So, I have to admit that I am not the same woman I was in my twenties. When I was in my twenties, I remember
looking at the older adults and thinking, “I’m not going to be like them. I’m always going to be hip, stylish and
fun!” Well, I was wrong. The other day, I shockingly realized that I
am one of them. In fact, I could be there fearless leader. When did I grow up and
how could I have been such a silly and naïve twenty-something?
Do you remember those reality make over shows? I felt bad for the women who when on those
makeover shows. I mean, really. How embarrassing! Her friends and family think her personal
style and upkeep is in need of such dire help that they call a reality TV
show. And then the show “surprises” her
by telling her on national TV how bad her problem is. Of course the payoff is the make over and
shopping spree. When I was younger, I
always felt sorry for that poor woman.
But now, 12 years, one husband, two kids and a career later, I am hoping
someone calls one of those shows for me. It would be so nice for someone to tell me
what to buy and then give me the money to buy it. I remember when I loved to go shopping. I loved trying on clothes. I loved finding a good deal and wearing the
latest styles. Now, all I want to do is
get in, and get out with something that fits and is as cheap as possible. And if it takes me longer than 10 minutes, I
am instantly irritated. How did this
happen? When did I morph into the lady I
always felt sorry for?
My taste in TV has also changed. I used to watch network TV, religiously. I was always hooked to the most popular TV
show and could carry on a decent conversation about TV around the water
cooler. Now, in a rare moment when I
actually watch TV, I enjoy Swamp People,
Duck Dynasty, and anything on the History
channel. I haven’t a clue what they show
on ABC or CBS. Oh, and movies? Forget it.
Somehow, my attention span has been drastically reduced. There is rarely a movie that I can sit
through without going stir crazy or falling asleep. I sometimes wonder if an adult can develop
ADD.
So what has changed over the past 12 years? Well, I think I can easily blame this on my
kids. Yep, it is definitely their
fault. It has been 12 years since I have
been in a dressing room all by myself or even to the bathroom by myself. It has been 12 years since I have been able
to watch anything on TV without interruptions.
It has been 12 years since I have been able to walk leisurely through a
department store or a mall. It’s been 12
years since my husband and I have really, truly slept a good, solid, peaceful 8
hours in a row. These kids definitely
move you from a serene place where you feel like you have control over your
surroundings to a place where your world is turned on its head at least 387
times a day. That’s got to do something to
a person’s sanity.
Yep, crazy is a good word to describe what these kids do to
you. They eat the food off your plate,
paint your walls with sharpie markers, turn your last pair of black pumps into
matching battle ships in the wading pool, teach you the value of having the
poison control number glued to the phone, test the structural integrity of all
your furniture, and are sure to teach you a lesson about “borrowing” your
Mother-in-law’s Lexus without her knowledge.

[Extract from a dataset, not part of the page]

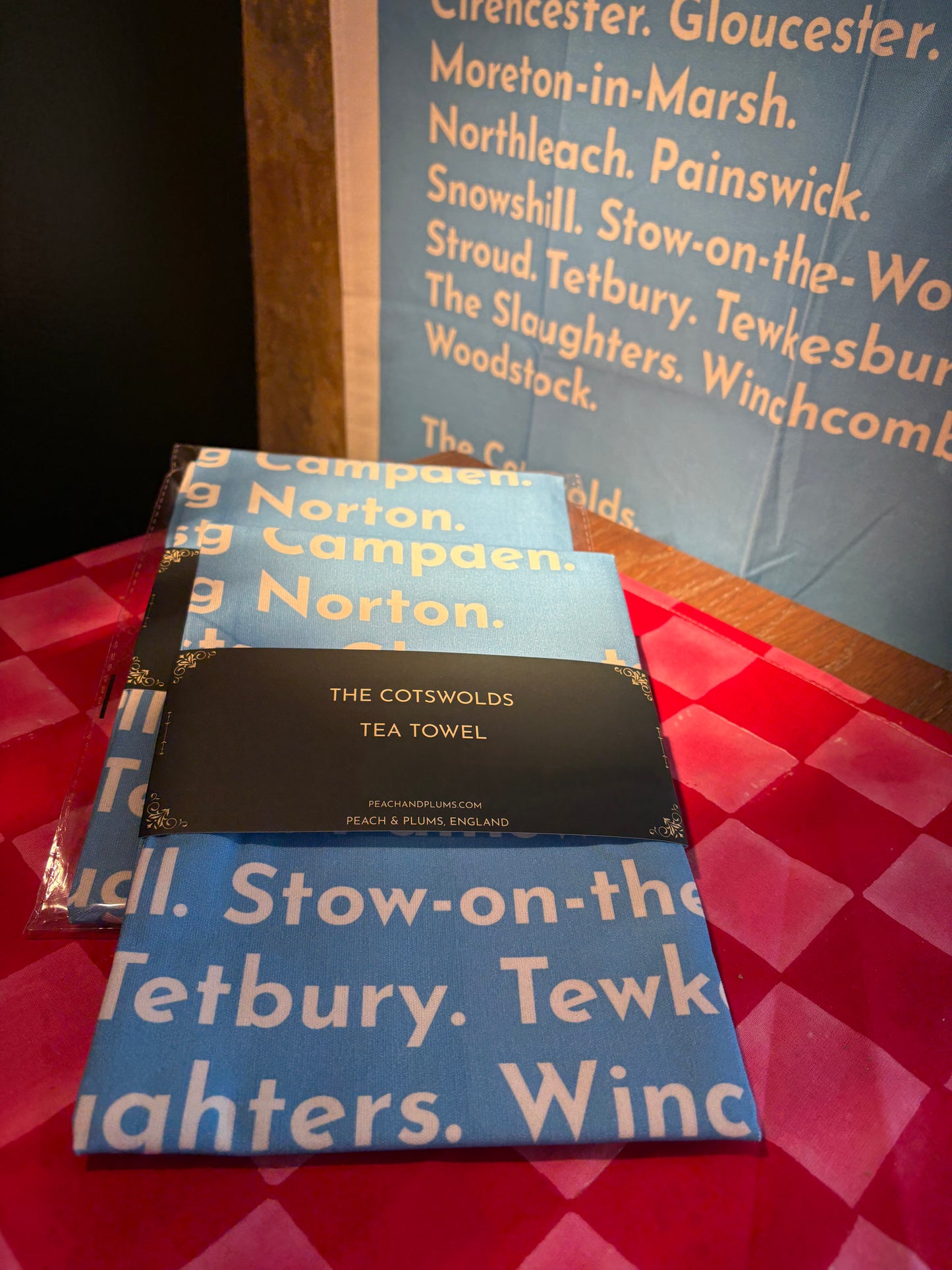 The Cotswolds Tea Towel Light Blue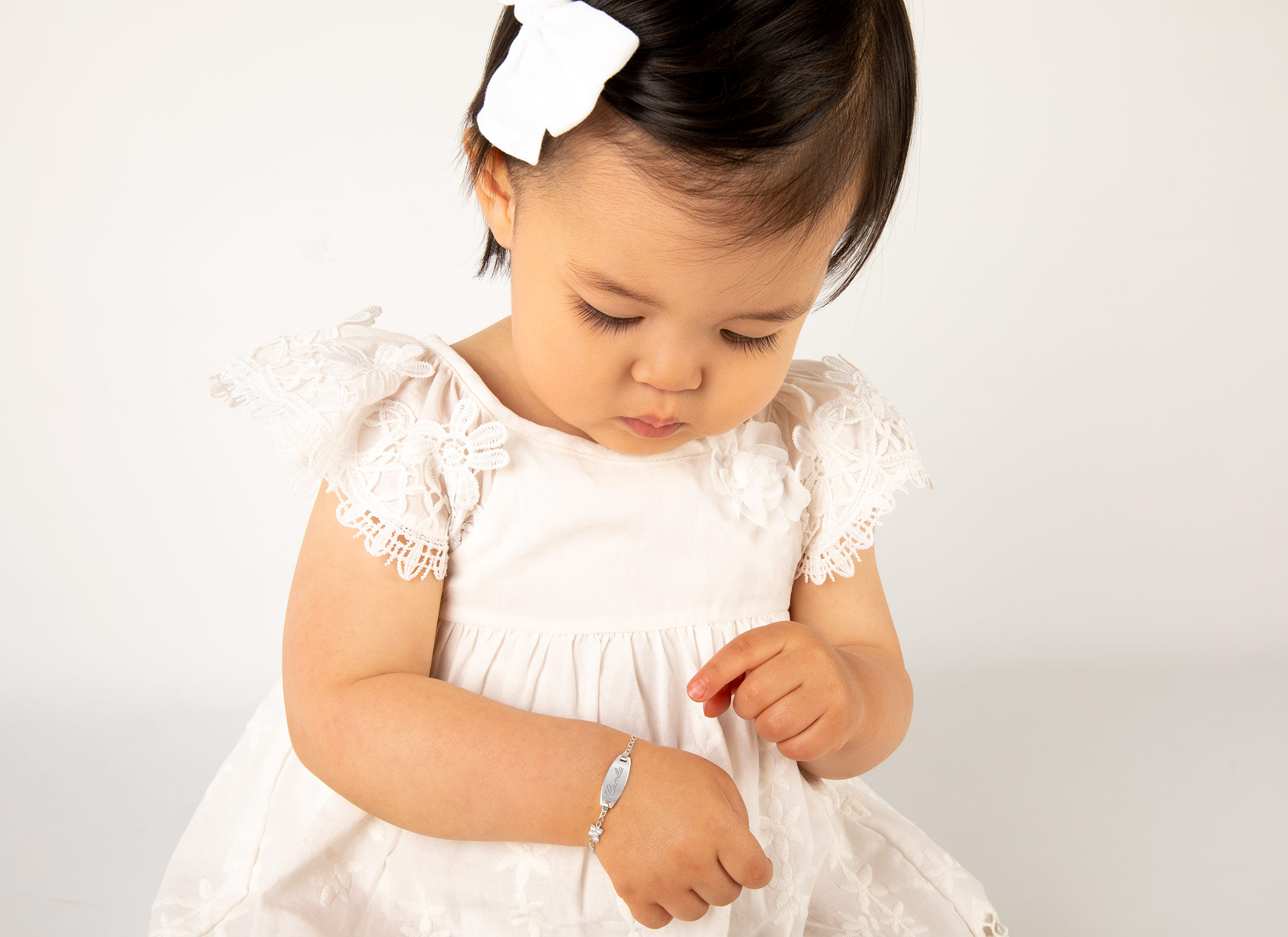 Example Bracelet Shown on 2 Year Old Girl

So, I guess it is rather remarkable that I am not completely
bonkers. Well, I’m not sure I can say
that with conviction. Let’s just say
that I haven’t been institutionalized…yet.
And, without a doubt, I would do this “kid thing” all over
again. You see, that my friends, is
proof of God’s existence. Because even
though they have turned my life upside down and inside out, I love the little
boogers more than I can express in words. It’s love when you see the beauty in the
picture your toddler drew on the wall with your set of colored sharpies. It’s love when you see the ingenuity in your little
son’s little mind when he figured out the black pumps would make the best boats
because they didn’t have holes like the pink ones. It’s love when you walk into the living room
and are truly enamored with the complexity of the fort your son created with
all the clean and previously folded laundry.
Yes, my friends, that kind of love has to come from something greater
than me. That kind of love is
divine.
God gives us the gift of children to reveal to us the nature
of who he is. Many times over, the bible
calls humanity the “children of God.”
And if we really think about it, in our experiences with our children, we
see that God is showing us how much he loves.
We love our children without hesitation, through tough moments,
unconditionally, and forever. And so it
is with God. St. Paul tells us that
nothing can separate us from the love of God.
Now that I am a Mother, I get that.
In fact, I get it more and more each day, every day, and all the
live-long day.
So, yes, I am older.
I need a makeover. I need
sleep. I could use a few dollars in the
bank and I probably need more time for myself.
But, I am not in want of love.
And I thank God each day for this great opportunity to know what true
love is, how to love and how to be loved- like crazy.